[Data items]
************

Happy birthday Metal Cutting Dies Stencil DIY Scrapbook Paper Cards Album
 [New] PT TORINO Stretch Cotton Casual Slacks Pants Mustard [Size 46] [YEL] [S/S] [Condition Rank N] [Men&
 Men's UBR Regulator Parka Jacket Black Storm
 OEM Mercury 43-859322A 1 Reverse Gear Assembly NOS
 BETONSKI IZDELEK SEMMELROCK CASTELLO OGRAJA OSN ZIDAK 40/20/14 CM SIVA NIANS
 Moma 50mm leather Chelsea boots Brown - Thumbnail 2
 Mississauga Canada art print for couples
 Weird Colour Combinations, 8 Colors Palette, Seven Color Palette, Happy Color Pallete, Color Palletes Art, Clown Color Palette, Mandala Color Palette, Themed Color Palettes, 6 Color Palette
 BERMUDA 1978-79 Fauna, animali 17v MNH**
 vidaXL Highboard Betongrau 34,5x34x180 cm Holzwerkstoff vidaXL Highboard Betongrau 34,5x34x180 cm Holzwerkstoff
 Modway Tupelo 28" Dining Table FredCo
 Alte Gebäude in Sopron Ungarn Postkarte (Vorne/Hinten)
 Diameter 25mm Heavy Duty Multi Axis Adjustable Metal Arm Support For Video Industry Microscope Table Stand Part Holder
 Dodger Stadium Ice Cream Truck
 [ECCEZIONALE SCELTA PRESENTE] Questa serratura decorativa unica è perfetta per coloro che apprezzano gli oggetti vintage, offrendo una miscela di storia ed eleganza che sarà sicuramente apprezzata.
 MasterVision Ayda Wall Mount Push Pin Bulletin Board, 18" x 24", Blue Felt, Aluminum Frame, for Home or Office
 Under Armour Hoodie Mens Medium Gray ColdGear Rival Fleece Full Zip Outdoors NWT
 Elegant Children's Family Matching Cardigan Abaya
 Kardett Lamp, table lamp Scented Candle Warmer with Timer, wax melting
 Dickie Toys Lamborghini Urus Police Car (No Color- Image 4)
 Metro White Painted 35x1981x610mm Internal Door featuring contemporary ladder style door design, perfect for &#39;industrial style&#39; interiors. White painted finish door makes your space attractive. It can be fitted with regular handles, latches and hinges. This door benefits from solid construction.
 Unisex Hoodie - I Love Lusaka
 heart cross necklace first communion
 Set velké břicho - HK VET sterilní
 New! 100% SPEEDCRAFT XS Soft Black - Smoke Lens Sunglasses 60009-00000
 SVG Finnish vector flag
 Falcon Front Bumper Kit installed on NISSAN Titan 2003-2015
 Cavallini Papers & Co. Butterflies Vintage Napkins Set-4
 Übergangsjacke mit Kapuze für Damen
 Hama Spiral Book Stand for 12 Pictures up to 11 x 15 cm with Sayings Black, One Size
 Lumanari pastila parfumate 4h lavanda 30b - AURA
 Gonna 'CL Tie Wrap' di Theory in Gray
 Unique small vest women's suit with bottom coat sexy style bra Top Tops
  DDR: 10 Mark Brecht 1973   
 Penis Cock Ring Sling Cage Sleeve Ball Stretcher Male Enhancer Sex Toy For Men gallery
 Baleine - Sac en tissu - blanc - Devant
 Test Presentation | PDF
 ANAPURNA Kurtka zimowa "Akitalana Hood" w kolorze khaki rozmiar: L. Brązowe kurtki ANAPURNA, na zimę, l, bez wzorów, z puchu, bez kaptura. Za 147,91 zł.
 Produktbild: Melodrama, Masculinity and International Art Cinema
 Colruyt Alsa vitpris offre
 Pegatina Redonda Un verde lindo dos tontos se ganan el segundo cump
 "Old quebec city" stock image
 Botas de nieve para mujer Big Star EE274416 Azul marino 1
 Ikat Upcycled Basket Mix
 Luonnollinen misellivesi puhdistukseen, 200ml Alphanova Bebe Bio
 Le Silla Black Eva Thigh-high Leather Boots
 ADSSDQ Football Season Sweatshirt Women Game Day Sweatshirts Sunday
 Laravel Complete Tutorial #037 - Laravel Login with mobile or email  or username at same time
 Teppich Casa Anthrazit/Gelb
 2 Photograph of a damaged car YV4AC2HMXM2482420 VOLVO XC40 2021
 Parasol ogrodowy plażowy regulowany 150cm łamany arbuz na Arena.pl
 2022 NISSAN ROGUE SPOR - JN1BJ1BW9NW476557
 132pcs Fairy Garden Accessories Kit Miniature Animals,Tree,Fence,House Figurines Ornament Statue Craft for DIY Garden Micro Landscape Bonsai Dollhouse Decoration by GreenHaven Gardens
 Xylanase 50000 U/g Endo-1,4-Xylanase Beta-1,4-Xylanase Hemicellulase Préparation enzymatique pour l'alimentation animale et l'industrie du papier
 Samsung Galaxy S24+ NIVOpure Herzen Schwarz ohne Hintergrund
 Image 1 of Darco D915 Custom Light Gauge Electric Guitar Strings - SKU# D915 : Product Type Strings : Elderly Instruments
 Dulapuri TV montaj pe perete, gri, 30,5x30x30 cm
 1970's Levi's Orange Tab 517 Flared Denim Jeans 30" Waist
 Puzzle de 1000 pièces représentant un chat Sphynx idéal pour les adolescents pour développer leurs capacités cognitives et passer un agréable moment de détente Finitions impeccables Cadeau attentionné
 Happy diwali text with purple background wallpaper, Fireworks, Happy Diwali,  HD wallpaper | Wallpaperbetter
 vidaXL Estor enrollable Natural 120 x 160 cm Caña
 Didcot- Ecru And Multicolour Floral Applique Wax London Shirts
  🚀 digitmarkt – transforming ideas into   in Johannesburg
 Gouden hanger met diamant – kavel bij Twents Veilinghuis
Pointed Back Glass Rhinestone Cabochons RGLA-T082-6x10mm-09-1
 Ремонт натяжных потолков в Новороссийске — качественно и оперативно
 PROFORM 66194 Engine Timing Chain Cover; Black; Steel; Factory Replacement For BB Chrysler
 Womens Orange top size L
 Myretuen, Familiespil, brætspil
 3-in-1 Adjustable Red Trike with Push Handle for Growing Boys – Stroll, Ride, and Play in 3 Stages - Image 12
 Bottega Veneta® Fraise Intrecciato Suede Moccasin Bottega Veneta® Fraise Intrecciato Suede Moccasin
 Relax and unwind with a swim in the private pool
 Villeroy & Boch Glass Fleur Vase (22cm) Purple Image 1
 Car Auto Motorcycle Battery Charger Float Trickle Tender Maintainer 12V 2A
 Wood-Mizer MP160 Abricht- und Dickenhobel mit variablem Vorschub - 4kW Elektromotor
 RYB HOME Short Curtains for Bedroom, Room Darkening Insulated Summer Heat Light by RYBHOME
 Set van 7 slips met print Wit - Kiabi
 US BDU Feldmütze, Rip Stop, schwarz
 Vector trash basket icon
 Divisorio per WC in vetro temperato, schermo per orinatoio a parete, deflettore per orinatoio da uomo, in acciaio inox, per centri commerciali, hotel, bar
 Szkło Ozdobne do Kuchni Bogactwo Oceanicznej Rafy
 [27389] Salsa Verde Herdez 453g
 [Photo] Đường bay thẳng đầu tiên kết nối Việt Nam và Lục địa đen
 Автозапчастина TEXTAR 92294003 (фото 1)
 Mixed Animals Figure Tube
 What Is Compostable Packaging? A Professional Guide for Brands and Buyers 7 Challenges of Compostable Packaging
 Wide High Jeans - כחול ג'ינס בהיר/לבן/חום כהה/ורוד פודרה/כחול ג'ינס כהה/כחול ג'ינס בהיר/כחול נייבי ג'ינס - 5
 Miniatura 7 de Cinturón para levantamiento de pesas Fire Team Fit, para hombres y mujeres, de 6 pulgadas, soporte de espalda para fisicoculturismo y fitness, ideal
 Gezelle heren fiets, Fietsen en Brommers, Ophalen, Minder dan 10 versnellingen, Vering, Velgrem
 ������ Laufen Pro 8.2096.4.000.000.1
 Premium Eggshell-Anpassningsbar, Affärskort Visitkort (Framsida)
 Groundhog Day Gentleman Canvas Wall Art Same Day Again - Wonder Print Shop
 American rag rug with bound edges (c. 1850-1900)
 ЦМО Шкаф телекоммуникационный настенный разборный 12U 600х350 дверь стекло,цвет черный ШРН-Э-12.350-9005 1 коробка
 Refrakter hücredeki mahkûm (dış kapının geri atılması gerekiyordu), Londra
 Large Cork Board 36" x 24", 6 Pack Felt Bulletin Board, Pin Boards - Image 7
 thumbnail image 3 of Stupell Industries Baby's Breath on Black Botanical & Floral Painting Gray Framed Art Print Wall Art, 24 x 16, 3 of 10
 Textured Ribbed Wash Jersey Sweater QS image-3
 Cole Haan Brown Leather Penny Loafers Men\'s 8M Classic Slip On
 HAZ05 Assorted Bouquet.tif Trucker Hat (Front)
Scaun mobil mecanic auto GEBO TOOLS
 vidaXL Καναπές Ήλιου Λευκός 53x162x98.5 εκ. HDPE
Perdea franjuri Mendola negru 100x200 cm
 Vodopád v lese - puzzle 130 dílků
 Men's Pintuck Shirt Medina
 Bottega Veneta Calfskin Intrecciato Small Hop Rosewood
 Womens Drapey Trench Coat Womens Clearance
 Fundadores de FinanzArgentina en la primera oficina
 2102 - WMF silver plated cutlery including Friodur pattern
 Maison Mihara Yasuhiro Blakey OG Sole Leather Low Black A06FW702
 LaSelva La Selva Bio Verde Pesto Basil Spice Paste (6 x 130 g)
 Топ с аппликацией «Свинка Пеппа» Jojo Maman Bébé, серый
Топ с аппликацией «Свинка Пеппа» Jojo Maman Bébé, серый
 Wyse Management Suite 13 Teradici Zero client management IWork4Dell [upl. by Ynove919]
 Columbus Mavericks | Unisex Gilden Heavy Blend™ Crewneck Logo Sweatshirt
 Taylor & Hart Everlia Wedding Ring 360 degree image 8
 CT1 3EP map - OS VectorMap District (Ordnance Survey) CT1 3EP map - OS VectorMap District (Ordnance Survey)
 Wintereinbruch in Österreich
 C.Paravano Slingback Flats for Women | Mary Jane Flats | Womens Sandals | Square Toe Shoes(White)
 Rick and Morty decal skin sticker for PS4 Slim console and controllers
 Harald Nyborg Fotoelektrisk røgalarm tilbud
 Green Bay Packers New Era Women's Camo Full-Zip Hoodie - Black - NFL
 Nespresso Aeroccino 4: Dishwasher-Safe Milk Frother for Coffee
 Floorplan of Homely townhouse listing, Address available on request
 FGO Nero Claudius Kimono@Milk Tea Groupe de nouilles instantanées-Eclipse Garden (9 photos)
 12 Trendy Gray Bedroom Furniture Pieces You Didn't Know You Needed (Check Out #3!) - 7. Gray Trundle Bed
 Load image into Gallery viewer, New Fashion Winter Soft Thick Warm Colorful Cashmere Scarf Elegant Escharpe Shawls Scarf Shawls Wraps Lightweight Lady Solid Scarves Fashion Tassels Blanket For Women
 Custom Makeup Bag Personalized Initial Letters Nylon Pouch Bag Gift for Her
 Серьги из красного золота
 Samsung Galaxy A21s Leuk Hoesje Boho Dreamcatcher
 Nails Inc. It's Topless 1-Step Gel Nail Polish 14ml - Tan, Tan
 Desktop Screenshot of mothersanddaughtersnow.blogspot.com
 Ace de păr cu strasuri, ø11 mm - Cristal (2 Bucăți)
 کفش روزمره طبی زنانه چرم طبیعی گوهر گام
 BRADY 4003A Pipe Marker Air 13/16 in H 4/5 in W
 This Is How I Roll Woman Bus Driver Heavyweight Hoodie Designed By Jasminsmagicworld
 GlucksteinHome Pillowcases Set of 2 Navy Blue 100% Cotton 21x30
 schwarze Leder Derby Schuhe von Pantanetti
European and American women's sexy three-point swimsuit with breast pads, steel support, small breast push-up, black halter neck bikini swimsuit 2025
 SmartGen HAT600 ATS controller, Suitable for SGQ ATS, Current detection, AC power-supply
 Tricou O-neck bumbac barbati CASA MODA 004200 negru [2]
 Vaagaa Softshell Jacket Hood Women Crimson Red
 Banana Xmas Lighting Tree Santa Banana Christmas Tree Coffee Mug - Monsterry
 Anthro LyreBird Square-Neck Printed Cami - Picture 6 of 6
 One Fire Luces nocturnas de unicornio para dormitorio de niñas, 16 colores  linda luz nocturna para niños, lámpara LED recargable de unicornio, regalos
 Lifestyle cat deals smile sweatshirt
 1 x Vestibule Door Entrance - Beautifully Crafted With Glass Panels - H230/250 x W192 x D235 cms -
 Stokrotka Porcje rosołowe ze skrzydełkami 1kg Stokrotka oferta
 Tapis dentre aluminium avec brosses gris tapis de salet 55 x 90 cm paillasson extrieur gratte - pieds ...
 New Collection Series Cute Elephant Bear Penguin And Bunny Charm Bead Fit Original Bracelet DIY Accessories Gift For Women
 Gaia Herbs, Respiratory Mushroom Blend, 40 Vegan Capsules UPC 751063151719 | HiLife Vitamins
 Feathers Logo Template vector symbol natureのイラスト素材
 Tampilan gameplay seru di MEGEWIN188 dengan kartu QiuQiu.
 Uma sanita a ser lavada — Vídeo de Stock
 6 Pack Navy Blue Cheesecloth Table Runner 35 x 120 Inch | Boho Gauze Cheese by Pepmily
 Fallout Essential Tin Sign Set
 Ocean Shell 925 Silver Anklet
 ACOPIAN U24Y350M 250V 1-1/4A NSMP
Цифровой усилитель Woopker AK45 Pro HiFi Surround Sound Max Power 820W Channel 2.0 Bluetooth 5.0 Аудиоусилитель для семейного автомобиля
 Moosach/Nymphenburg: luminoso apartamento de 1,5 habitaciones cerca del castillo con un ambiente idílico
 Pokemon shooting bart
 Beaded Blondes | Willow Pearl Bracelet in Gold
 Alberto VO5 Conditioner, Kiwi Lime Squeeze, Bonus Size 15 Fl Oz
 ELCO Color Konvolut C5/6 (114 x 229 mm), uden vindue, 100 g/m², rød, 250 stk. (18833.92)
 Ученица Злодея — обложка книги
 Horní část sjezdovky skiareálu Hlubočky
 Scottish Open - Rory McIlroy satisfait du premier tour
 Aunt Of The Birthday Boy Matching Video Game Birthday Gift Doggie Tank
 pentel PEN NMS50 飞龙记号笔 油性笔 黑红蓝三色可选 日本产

************

ASSIGNMENT: Check every line above for the word "negru" and copy those that have it.

SOLUTION TO THIS EXERCISE:
Perdea franjuri Mendola negru 100x200 cm
 Tricou O-neck bumbac barbati CASA MODA 004200 negru [2]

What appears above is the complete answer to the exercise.